Reminds me of a chapter in the book Mind Hacks that discusses how the mind determines the probability of outcomes. Keep up the great posts! I am so pumped for this conference!
Another good book in a similar vain is The Drunkard’s Walk: How Randomness Rules Our Lives. A Cal Tech professor wrote it and it’s sort of like Freakonomics for math.
Actually, you’ve made quite a few mistakes here as you apply probability sometimes to an event and sometimes to a chain of events.
Since you seem to be thinking critically though, I’ll give you an example of why you’re wrong and leave it to you to hash out why your post is incorrect.
The probability that I will rocket through the air at hundreds of miles per hour thousands of feet above the ground is pretty close to zero. The probability that I will rocket through the air at hundreds of miles per hour thousands of feet above the ground after I board a commercial air plane is much higher.
Anon,
You’ve kind of proven my point for me. Thank you.
The analogy would be the following. What is more likely, that this time tomorrow I am rocketing through the sky at hundreds of miles per hour or that (a) I board an airplane AND (b) given that I board an airplane, by this time tomorrow I am rocketing through the sky at hundreds of miles an hour?
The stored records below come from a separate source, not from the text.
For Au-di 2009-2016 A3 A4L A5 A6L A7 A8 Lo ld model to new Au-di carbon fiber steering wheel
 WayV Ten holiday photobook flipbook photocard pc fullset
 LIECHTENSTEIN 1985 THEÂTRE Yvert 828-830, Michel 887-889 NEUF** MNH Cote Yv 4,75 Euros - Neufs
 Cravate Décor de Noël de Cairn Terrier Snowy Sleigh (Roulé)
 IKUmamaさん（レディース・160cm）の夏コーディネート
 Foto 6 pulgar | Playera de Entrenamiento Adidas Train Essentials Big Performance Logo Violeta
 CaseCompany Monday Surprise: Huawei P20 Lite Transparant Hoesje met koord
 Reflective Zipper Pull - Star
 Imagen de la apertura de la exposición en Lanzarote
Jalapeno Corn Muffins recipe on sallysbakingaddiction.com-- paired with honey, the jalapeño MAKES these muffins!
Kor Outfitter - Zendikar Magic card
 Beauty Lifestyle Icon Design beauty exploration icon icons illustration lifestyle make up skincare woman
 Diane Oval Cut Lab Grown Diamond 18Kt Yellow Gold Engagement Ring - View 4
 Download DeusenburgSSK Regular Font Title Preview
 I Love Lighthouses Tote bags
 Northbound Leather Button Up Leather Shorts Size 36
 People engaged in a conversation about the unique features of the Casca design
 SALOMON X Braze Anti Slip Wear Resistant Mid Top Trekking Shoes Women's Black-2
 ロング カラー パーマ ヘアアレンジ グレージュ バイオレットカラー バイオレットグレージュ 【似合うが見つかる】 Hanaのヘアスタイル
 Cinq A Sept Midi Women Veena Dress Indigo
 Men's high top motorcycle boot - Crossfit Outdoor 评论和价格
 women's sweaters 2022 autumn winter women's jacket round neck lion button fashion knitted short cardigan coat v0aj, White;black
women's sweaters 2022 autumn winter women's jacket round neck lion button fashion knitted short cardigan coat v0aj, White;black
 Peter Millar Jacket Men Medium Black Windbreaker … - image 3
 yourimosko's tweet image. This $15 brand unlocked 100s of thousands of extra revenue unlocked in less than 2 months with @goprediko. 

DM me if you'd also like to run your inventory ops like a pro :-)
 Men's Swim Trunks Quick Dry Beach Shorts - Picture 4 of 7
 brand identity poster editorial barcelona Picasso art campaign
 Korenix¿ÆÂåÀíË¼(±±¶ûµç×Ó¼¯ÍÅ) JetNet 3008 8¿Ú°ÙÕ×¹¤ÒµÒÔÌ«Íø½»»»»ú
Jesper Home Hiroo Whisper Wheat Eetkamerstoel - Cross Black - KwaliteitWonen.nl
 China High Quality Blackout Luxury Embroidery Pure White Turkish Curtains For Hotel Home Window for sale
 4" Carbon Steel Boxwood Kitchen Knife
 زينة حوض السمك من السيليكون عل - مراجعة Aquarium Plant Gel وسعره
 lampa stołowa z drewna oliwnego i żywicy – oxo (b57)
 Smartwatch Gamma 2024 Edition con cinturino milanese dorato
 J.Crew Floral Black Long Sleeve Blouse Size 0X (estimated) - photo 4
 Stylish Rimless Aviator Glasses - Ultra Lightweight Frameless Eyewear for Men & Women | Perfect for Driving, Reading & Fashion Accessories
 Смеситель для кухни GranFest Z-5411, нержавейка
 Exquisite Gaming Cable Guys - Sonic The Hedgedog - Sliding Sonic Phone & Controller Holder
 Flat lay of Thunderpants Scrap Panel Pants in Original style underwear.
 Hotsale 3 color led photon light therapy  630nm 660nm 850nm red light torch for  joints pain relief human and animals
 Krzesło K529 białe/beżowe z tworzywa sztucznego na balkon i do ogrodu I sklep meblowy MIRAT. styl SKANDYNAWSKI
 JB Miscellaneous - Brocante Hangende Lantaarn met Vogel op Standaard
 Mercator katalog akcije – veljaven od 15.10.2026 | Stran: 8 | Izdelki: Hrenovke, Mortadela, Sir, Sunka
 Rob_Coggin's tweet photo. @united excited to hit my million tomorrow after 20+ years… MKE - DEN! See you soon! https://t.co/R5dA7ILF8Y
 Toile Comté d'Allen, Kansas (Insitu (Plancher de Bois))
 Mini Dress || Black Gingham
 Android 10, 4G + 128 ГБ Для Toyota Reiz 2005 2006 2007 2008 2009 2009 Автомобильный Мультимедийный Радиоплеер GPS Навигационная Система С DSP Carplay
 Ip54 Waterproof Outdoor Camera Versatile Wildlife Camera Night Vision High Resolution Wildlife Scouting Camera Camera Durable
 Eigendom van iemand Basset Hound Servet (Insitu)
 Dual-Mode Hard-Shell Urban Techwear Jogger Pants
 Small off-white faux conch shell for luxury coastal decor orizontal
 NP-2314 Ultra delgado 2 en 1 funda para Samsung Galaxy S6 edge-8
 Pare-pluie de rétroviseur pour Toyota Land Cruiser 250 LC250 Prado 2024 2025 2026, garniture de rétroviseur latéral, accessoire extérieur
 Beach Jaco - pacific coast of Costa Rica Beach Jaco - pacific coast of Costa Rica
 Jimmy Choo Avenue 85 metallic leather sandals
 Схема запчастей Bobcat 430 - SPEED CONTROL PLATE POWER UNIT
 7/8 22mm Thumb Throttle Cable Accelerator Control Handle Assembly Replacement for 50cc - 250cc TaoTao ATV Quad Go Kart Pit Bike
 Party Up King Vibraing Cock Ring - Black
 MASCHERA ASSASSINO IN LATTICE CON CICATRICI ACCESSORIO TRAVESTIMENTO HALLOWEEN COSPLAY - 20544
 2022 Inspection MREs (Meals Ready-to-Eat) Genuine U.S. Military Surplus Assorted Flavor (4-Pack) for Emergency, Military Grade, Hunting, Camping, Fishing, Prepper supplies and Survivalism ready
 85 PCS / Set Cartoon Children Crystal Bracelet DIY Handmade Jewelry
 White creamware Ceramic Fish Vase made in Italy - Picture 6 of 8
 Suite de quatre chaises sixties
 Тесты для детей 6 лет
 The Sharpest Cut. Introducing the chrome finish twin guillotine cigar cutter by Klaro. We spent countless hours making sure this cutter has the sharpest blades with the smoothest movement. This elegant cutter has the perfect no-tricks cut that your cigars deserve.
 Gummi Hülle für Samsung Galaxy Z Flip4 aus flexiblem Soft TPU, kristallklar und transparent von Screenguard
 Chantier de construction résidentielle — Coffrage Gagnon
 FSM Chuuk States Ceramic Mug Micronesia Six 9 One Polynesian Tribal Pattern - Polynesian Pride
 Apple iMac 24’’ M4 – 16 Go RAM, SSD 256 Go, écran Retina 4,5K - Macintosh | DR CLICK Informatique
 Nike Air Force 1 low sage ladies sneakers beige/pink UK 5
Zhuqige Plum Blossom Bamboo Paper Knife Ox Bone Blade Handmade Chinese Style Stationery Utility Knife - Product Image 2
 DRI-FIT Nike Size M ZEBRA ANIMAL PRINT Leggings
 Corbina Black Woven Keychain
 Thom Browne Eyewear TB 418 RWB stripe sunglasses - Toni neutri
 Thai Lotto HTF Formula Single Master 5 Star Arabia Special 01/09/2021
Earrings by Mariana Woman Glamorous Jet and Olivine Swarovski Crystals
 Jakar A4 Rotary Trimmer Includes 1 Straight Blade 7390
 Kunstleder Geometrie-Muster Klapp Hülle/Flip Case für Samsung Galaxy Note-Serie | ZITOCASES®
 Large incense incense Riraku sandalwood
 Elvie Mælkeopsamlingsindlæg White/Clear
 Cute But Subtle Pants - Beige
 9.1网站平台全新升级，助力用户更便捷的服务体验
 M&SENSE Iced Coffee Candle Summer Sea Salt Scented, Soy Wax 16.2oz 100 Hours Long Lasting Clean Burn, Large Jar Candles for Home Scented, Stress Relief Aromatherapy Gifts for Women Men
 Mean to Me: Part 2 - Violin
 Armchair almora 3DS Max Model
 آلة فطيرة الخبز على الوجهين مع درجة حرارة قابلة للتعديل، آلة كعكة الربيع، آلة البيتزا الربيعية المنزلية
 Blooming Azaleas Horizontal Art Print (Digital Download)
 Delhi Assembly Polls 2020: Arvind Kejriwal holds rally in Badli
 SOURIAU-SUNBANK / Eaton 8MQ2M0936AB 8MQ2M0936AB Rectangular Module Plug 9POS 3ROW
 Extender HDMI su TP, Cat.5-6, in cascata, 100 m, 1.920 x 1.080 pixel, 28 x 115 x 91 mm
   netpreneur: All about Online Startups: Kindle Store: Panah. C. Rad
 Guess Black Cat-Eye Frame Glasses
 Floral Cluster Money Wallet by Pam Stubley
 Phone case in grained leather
I’m not asking for the *conditional* probability of p(b|a) – I’m asking for the *absolute* probability of p(a AND b).
– Neil
Here’s a really good write up about the conjunction fallacy and why many people don’t believe it when they first see it:
http://www.overcomingbias.com/2007/09/conjunction-con.html
(Thank you tigerthink).
Great post, anyway. It makes people think and respond. Thanks, Nail!